Problem to solve
An exact copy of the lines of the listing below between the "Путин навсегда: Конституционная" line and the "RAMEN STAND 熊谷広瀬店 ラーメンスタンドのデリバリー ・持ち帰り" line, both included, is the whole answer; please omit the pictures.

Data shown
______
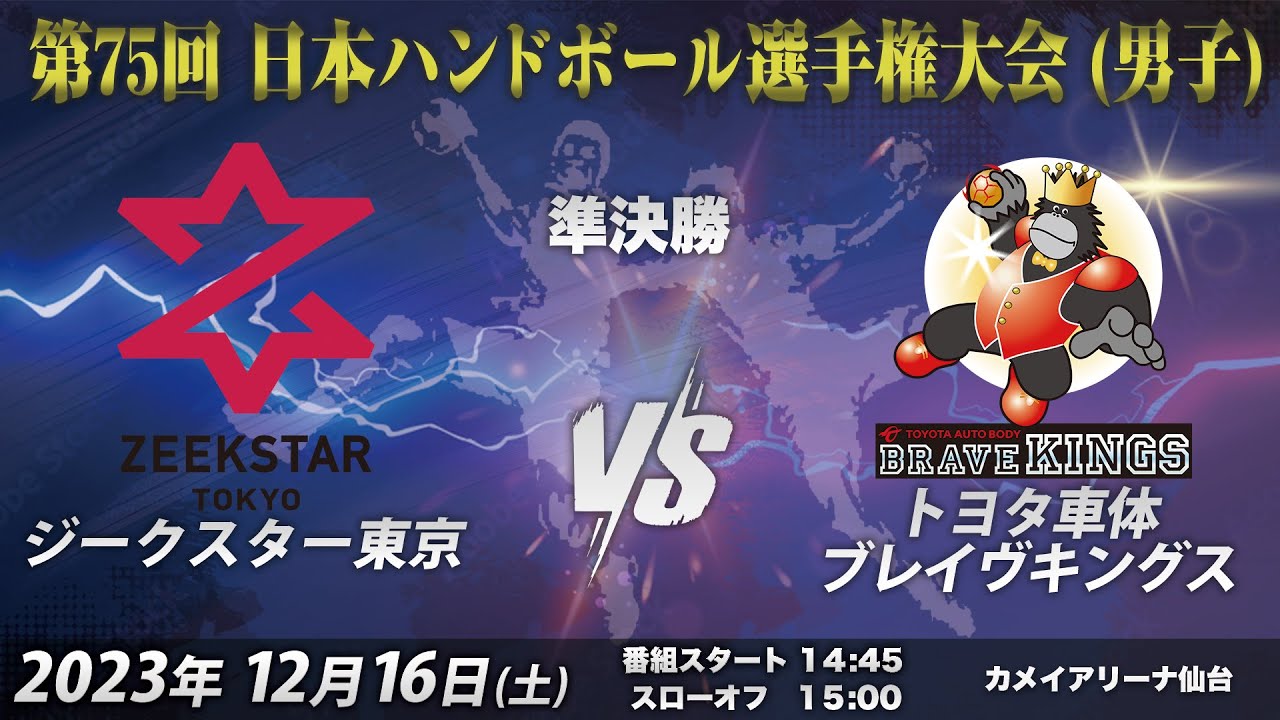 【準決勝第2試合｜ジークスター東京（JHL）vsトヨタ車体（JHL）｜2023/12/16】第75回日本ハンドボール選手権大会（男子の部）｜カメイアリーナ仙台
______
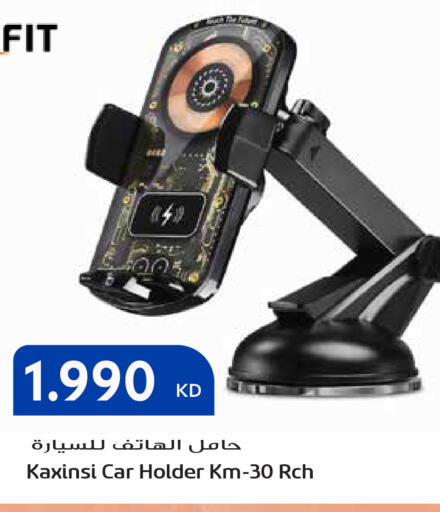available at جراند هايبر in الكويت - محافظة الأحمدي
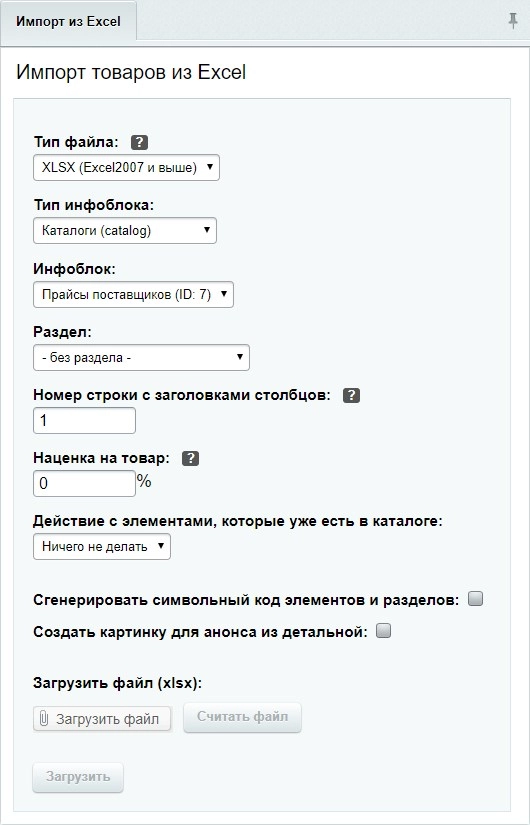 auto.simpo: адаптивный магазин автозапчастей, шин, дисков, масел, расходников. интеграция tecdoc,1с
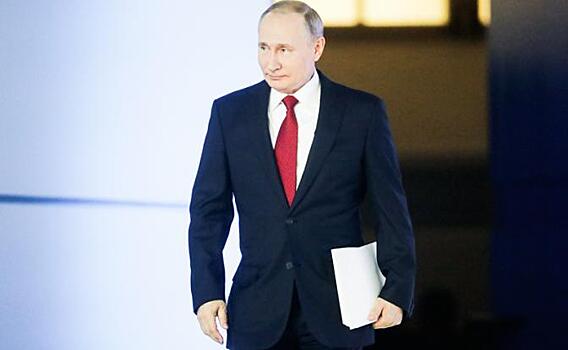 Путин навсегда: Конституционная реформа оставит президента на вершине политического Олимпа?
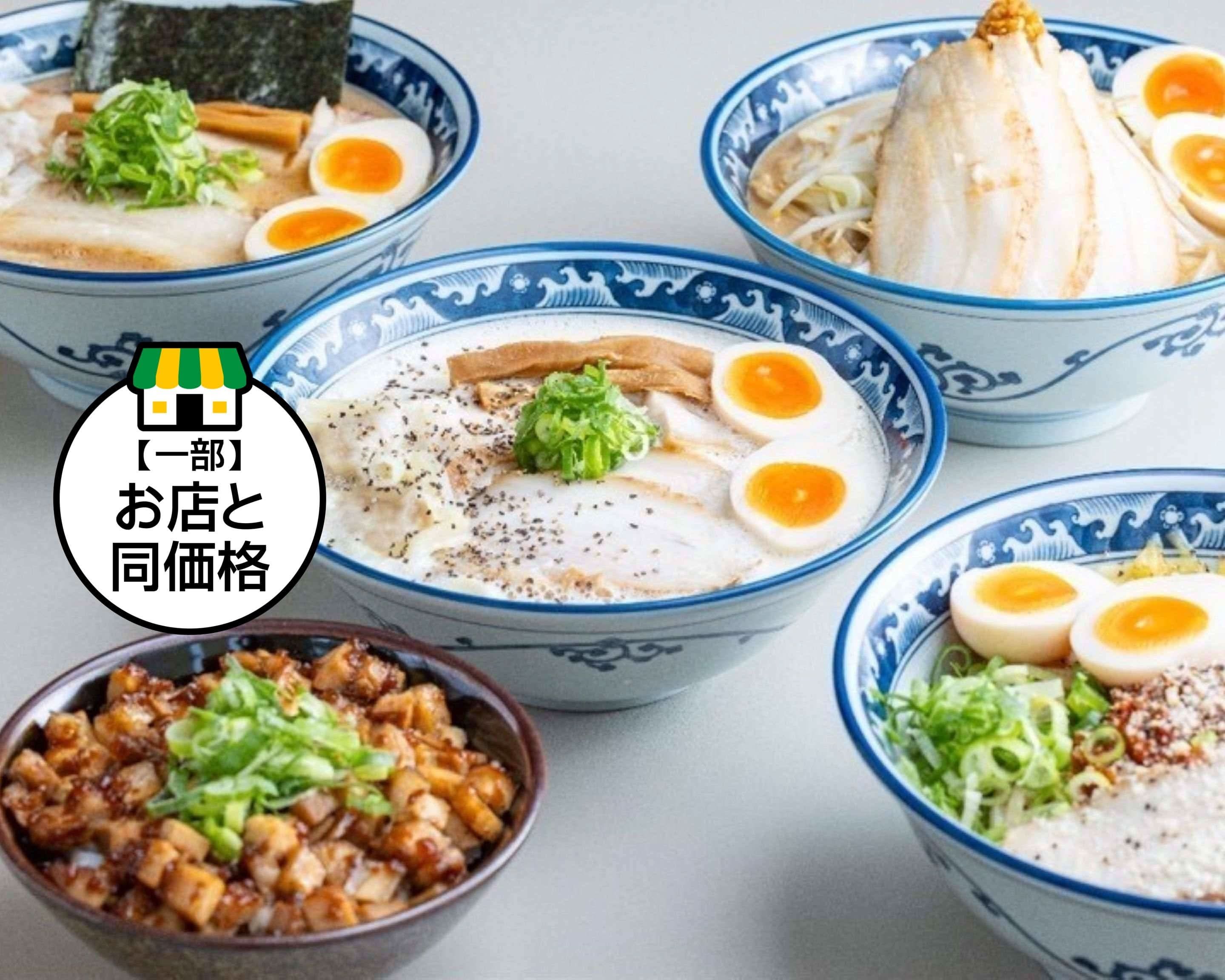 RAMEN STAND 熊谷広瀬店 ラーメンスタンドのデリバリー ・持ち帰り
______
Task solution
 Путин навсегда: Конституционная реформа оставит президента на вершине политического Олимпа?
 RAMEN STAND 熊谷広瀬店 ラーメンスタンドのデリバリー ・持ち帰り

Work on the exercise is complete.